═══ Data supplied ═══

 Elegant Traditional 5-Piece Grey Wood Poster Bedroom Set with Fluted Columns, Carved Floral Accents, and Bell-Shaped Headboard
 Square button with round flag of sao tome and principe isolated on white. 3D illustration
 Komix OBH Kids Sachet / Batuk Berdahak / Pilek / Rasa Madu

═══
═══ Data supplied ═══

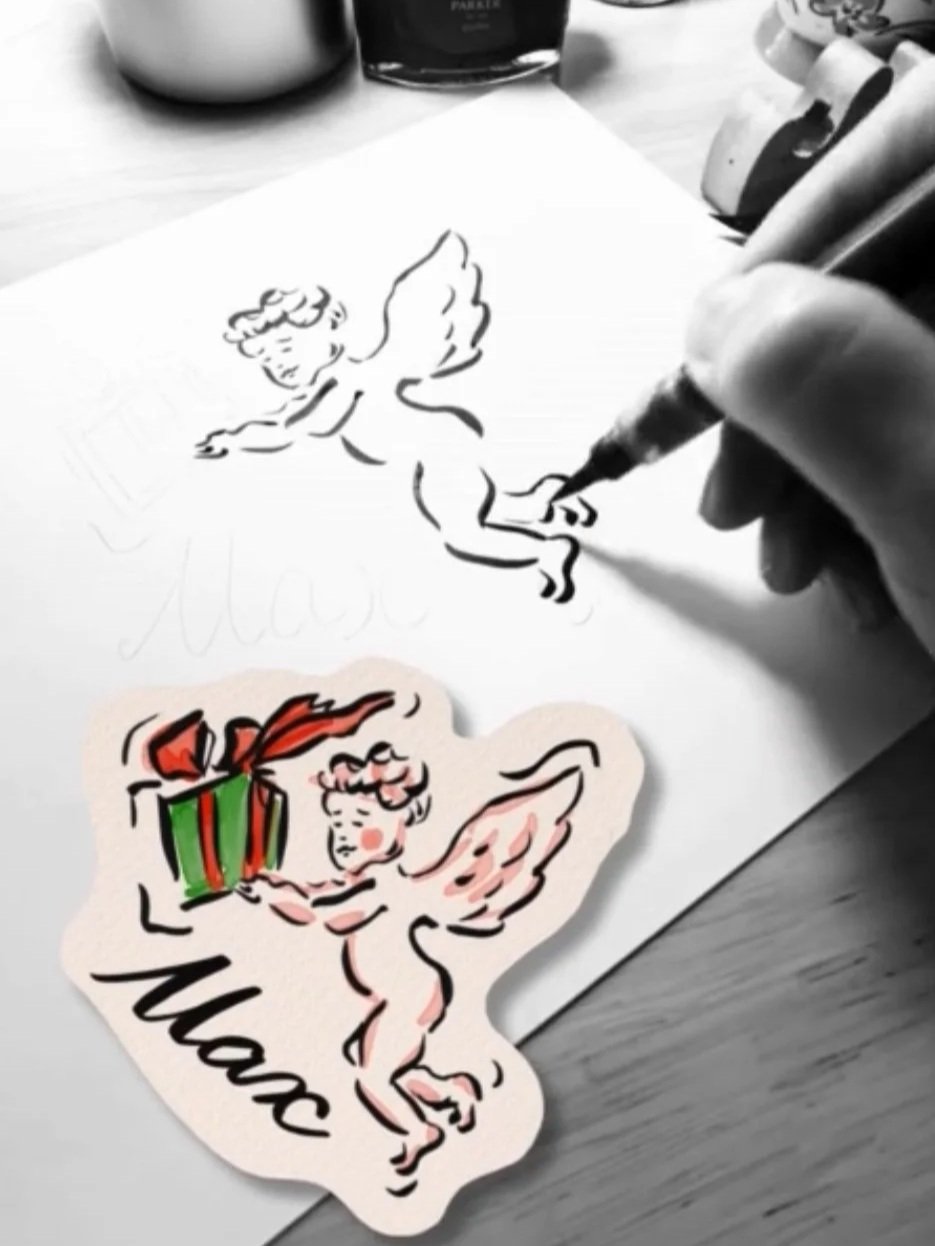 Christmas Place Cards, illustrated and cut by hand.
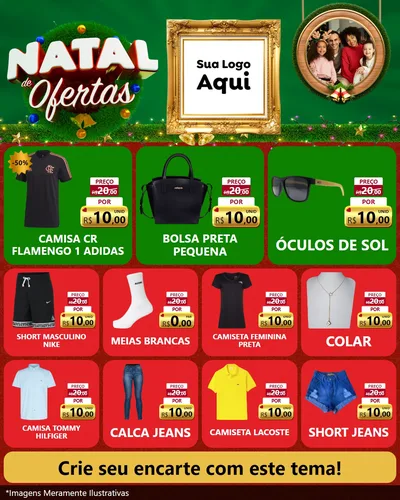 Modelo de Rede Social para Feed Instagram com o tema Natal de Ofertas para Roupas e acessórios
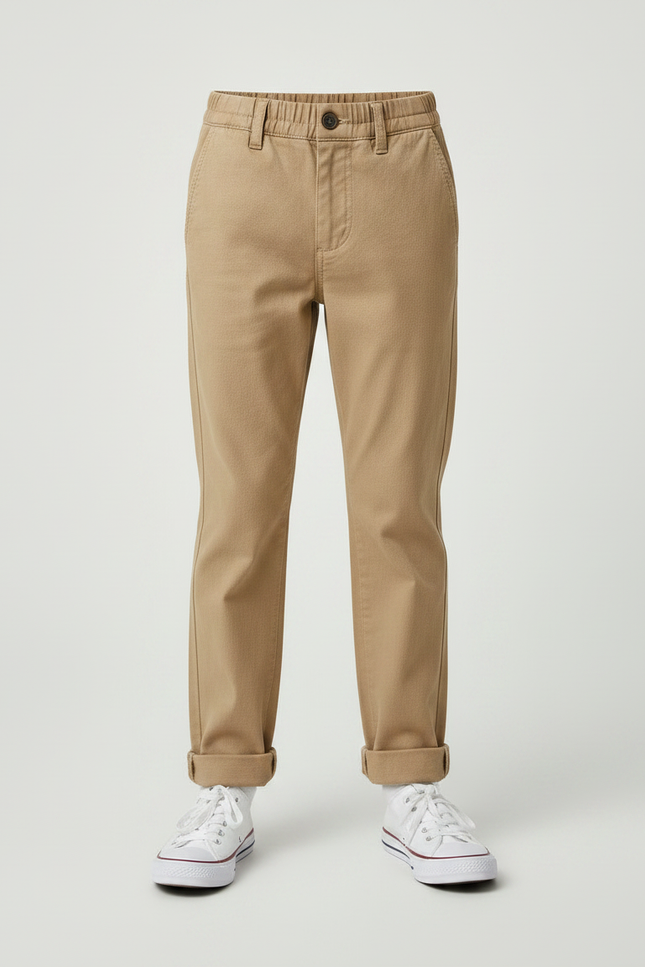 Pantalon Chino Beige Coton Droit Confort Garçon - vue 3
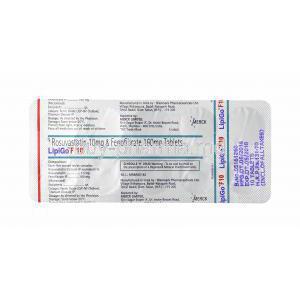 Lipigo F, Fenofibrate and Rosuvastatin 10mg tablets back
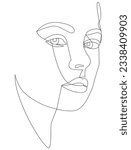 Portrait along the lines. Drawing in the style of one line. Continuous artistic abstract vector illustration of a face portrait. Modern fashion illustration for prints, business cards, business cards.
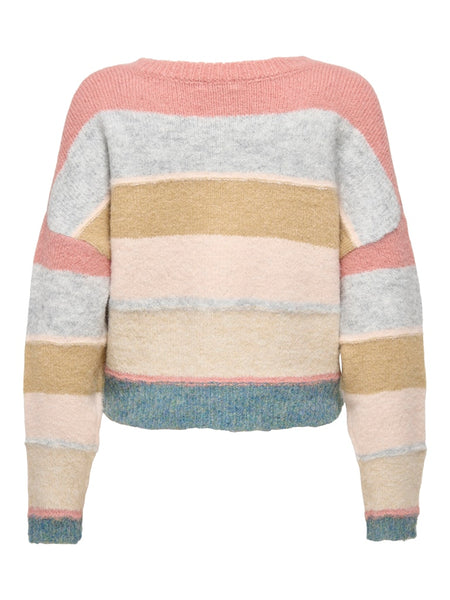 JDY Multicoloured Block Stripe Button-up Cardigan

═══

Quote the data above from the line containing "Square button with" to the line containing "Komix OBH Kids", inclusive, and stop.

 Square button with round flag of sao tome and principe isolated on white. 3D illustration
 Komix OBH Kids Sachet / Batuk Berdahak / Pilek / Rasa Madu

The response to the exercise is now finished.